En ese sentido quería hablar de la épica (he dicho “épica”) del yo en la poesía escrita por mujeres. La pelea por no caer al interior de la multitud o del tópico, el derecho a construir una ética, una conciencia crítica, pero antes simplemente “distinta” en un mundo que trata de igualar nuestras vidas como simple fuerza de trabajo. Aquí, nuevamente, la poesía escrita por mujeres se mostró pegada a la realidad, nada ajena a movimientos globalizadores que nos afectaban a todos. No se trataba de “una lucha dentro de otra” (algo a lo que las mujeres están acostumbradas desde que los partidos políticos comenzaron a insistir en que sus reivindicaciones debían ser parte de un itinerario mayor, debían ser “tuteladas”), sino de liderar, desde la escritura poética, una necesidad general. Cualidad cooperativa (no compasiva) –y ya de por sí pública– que no escapa al hecho femenino, pero que desde luego no se queda en él. La capacidad de la poesía de Olvido García Valdés para implicarnos en su propuesta de cercanía, de percepción comprometida con la identidad e intimidad de cada objeto tocado más allá de su utilidad. La unicidad que ofrece la capacidad perturbadora, agitadora casi, de su nostalgia en la construcción del personaje de Concha García, su estar en el mundo para no huir de nada, su autocrítica y su búsqueda de un lenguaje absolutamente propio; o el escepticismo del fraseo de Balbina Prior elevándose sobre los peligros de sus asuntos, son ejemplo (y no quiero extender más la nómina ejemplar, y podría, créanme: desde Ada Salas o Chantal Maillard a Esperanza López-Parada o Eli Telertxipi…) de que esta cuarta fase en la escritura poética de las mujeres impone una consideración distinta: hay algunas autoras de maestría superior entre las poetas españolas, hay calidad suficiente como para que se de un trasvase de influencias y que algunas de ellas iluminen con el derecho de cualquier clásico moderno la obra de los más jóvenes. Entonces, poco a poco, ¿devendrá en característica común lo que (a veces en un alarde de facilismo crítico que habría que revisar) se tenía por privativo de una estética femenina?

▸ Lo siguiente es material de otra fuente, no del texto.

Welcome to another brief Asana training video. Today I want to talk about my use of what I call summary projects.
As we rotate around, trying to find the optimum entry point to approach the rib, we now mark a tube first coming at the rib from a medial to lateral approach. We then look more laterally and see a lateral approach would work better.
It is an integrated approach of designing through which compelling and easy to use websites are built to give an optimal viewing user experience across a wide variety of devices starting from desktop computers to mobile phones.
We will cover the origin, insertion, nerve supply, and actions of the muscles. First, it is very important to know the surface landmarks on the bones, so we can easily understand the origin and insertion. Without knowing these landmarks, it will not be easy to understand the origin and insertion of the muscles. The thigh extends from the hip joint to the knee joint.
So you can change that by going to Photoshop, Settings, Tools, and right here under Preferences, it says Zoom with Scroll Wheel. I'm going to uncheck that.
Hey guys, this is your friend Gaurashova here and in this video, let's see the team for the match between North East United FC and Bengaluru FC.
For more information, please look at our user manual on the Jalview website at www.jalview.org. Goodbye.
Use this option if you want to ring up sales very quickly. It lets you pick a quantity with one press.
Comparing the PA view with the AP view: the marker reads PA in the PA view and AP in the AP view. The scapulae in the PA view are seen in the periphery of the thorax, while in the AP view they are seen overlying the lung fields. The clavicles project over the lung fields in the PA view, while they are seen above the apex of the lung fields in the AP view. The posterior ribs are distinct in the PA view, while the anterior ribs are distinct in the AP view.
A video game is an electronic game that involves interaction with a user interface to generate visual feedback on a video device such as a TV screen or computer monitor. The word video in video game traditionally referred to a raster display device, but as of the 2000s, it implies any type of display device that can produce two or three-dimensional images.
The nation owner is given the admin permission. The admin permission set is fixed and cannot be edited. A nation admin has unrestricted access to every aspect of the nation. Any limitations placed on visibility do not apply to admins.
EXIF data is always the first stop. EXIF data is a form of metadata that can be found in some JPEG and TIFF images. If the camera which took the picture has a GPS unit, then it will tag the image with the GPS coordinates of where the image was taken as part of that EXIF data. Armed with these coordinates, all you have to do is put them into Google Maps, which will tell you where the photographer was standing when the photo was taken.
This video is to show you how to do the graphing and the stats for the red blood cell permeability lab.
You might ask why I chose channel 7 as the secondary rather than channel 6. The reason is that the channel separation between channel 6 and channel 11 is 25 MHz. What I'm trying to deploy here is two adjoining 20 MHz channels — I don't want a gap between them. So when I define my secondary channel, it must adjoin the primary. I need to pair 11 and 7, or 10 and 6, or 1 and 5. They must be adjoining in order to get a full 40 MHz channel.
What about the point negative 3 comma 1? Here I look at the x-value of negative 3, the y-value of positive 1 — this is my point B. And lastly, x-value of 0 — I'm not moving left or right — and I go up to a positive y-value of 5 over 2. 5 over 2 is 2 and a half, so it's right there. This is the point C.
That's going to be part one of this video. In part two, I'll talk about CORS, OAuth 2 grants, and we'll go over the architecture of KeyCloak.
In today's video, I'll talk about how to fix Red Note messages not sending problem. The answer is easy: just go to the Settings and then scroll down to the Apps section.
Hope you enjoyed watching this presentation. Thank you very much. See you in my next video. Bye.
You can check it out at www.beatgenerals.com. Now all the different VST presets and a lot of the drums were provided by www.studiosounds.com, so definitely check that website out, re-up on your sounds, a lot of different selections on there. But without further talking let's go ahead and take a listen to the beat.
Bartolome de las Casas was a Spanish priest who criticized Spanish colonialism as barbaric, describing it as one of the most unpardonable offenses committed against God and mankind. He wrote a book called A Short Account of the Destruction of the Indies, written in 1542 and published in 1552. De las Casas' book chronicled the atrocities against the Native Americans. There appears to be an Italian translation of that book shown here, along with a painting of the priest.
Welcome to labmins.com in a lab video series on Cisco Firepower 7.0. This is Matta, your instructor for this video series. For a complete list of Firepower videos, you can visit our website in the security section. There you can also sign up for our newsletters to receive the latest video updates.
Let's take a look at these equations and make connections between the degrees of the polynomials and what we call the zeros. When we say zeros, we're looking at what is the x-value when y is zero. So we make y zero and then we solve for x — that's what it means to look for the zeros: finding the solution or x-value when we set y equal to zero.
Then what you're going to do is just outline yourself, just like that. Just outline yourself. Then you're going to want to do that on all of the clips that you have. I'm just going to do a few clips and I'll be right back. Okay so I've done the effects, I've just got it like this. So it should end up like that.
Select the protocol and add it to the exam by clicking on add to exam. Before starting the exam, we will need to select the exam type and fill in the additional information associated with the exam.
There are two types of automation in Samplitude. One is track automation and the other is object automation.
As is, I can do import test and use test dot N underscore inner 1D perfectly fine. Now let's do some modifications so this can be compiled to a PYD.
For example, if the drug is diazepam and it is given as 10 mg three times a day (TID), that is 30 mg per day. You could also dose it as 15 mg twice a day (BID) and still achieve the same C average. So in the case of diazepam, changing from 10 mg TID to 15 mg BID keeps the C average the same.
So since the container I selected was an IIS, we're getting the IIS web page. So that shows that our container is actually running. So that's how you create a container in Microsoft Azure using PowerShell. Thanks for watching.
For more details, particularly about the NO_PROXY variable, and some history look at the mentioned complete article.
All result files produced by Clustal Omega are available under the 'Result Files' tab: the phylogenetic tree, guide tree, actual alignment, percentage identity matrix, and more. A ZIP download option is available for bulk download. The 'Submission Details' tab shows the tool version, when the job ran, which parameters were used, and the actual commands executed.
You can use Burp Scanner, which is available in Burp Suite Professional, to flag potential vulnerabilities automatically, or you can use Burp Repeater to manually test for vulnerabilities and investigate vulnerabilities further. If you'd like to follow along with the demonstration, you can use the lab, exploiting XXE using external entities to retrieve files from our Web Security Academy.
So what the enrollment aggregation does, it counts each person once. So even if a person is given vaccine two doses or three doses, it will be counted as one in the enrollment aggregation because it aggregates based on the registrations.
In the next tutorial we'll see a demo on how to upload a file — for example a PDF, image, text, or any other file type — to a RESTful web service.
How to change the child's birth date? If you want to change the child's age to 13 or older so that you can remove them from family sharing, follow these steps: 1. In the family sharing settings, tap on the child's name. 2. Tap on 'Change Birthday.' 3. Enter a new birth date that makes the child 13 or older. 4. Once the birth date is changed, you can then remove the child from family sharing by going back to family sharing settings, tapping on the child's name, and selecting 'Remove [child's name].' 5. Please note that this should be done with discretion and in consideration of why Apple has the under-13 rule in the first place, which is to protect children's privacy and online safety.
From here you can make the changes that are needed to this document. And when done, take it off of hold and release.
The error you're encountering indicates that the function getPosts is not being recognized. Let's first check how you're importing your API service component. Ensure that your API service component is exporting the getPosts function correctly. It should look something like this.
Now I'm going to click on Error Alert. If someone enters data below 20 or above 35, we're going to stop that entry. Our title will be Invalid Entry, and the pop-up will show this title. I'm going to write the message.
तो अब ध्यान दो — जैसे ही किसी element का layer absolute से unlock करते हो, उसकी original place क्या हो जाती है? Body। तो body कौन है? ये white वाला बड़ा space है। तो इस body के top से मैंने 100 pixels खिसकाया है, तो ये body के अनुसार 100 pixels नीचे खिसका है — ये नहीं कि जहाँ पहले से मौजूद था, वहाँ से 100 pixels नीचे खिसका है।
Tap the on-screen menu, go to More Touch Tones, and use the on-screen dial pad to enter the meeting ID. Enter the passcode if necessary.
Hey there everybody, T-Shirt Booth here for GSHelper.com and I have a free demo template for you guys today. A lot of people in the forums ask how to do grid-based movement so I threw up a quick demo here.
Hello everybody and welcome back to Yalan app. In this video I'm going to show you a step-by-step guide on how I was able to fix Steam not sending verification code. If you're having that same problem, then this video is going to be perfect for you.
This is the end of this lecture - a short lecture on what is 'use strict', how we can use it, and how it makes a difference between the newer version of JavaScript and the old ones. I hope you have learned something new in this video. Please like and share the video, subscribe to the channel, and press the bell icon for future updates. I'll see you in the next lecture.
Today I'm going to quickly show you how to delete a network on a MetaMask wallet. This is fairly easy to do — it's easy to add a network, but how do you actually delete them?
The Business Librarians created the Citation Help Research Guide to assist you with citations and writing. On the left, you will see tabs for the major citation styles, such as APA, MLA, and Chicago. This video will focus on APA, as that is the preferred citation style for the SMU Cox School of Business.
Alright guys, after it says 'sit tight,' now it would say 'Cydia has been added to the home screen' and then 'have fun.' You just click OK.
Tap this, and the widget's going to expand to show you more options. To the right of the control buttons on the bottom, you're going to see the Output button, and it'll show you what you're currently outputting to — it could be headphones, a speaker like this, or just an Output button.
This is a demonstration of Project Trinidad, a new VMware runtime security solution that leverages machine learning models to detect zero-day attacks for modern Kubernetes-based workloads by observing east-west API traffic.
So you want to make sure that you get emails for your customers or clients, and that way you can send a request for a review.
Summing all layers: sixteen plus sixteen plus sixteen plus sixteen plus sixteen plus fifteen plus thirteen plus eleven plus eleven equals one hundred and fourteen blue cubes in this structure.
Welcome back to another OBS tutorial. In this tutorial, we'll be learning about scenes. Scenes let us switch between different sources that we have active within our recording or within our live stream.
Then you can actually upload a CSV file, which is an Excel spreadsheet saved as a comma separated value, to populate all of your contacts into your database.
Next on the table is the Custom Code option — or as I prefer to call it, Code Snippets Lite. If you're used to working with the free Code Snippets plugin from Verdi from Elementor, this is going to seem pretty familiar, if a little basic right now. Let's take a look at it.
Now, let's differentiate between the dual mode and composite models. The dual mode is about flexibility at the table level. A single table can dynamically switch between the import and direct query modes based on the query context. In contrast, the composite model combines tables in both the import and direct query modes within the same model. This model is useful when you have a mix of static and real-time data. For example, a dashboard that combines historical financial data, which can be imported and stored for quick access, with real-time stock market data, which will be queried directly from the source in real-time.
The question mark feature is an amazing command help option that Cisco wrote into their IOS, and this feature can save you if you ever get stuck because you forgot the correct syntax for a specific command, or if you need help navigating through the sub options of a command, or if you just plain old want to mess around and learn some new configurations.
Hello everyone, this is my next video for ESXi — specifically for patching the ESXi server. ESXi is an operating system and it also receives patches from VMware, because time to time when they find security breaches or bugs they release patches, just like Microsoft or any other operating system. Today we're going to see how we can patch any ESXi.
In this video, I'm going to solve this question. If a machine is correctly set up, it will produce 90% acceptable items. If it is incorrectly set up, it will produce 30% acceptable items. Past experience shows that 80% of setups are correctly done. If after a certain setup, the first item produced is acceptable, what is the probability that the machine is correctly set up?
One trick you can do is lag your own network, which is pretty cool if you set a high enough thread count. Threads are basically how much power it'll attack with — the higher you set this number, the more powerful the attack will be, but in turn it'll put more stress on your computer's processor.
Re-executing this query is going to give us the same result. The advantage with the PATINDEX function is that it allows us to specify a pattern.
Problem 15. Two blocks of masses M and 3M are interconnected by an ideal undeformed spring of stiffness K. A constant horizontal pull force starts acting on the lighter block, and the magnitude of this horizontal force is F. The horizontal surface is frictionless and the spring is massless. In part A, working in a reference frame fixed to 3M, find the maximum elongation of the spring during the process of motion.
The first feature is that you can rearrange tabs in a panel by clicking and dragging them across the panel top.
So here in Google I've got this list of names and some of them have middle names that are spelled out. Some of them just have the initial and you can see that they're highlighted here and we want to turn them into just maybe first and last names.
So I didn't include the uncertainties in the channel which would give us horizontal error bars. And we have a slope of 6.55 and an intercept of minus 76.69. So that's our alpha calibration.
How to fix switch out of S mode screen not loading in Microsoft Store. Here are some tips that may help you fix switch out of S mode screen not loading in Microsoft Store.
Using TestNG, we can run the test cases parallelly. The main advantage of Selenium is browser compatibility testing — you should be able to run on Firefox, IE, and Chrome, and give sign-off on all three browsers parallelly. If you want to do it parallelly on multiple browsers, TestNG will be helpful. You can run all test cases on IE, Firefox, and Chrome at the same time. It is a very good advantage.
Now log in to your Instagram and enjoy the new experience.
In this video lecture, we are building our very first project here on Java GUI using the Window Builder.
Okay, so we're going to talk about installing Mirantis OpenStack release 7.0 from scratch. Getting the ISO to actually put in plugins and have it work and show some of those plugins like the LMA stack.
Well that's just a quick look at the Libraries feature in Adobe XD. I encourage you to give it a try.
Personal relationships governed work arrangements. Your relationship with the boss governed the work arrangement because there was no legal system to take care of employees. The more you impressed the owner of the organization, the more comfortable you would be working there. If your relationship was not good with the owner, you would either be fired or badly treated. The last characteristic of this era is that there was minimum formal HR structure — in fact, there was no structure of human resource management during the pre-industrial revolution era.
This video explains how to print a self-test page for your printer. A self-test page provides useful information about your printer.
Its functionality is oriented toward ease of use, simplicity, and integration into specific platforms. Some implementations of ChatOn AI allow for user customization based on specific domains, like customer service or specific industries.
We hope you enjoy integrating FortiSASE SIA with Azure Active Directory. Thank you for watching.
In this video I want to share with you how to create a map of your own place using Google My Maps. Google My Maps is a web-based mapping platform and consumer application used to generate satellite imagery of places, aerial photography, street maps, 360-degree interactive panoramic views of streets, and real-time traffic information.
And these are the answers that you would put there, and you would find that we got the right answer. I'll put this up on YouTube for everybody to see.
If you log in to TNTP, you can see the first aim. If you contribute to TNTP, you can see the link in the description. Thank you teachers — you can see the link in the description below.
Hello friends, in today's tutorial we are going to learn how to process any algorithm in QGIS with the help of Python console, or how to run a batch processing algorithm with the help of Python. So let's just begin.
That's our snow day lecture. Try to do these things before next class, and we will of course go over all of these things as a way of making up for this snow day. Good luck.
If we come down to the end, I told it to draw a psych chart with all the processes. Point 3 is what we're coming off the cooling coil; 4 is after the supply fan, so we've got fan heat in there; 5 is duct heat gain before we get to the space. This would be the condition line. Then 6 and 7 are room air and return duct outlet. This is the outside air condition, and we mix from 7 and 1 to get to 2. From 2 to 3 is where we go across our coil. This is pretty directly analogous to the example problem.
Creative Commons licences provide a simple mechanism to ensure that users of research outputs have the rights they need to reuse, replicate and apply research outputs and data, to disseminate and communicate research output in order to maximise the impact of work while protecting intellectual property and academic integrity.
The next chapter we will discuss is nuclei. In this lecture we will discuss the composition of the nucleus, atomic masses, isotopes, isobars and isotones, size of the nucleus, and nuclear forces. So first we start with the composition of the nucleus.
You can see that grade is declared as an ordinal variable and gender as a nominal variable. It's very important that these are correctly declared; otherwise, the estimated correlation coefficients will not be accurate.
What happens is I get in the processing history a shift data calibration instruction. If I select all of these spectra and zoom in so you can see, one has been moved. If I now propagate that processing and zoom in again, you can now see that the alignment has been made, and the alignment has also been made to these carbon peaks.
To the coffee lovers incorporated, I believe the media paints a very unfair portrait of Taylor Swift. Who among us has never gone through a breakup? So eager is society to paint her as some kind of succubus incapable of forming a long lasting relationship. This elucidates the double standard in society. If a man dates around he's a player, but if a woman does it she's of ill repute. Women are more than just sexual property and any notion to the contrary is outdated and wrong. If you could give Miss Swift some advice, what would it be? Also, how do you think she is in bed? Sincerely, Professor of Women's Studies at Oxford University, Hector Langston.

Divago: El libro de poemas, incluso la suma de los libros de poemas, aparecen ahora como un verdadero “relato de vida”. Quizás sea la poesía, en los tiempos del hombre moderno (fragmentado, confuso, desanclado) la única capaz de abordar ese relato que es, al mismo tiempo, su construcción. Desaparece el poema cerrado y se asume un tiempo no masculino, una crónica fragmentada, tal vez necesariamente fragmentada, no lineal. ¿Es este un logro de la poesía escrita por mujeres? No en exclusiva, pero es la poesía escrita por mujeres (en la medida en que estas reivindicaban en efecto la posesión de una propia conciencia y de una conciencia pública propia, no reflejada) la que ha dotado a eso que he llamado “el relato de vida” de una motivación estética e intelectual de la que o bien carecían o bien no eran conscientes los intentos masculinos. ¿Por qué? Pues muy posiblemente lo que para el hombre escritor era una elección formal, para la mujer escritora era la única manera de informar consecuentemente un esfuerzo tan personal y solitario como épico. Y por eso es, ha sido (creo, en nuestro país) la poesía escrita por mujeres la que finalmente nos ha dicho lo que alguno sospechaba y la mayoría no quería entender: que la épica del siglo XXI será la construcción de una lírica a prueba de manipulaciones, la construcción de un yo redefinido desde la vida como defensa, arma, diálogo profundo. La poesía no lo resuelve todo, pero la alienación no se disuelve sola.

Como ven, de aquellos dos desenlaces posibles que le veía yo a esta aventura de hablar de la poesía de las mujeres, he optado por fingir contribuir a un penúltimo capítulo del primero, pero he caído enseguida en el segundo y, como sospechaba, me he metido en un lío. Disculpen.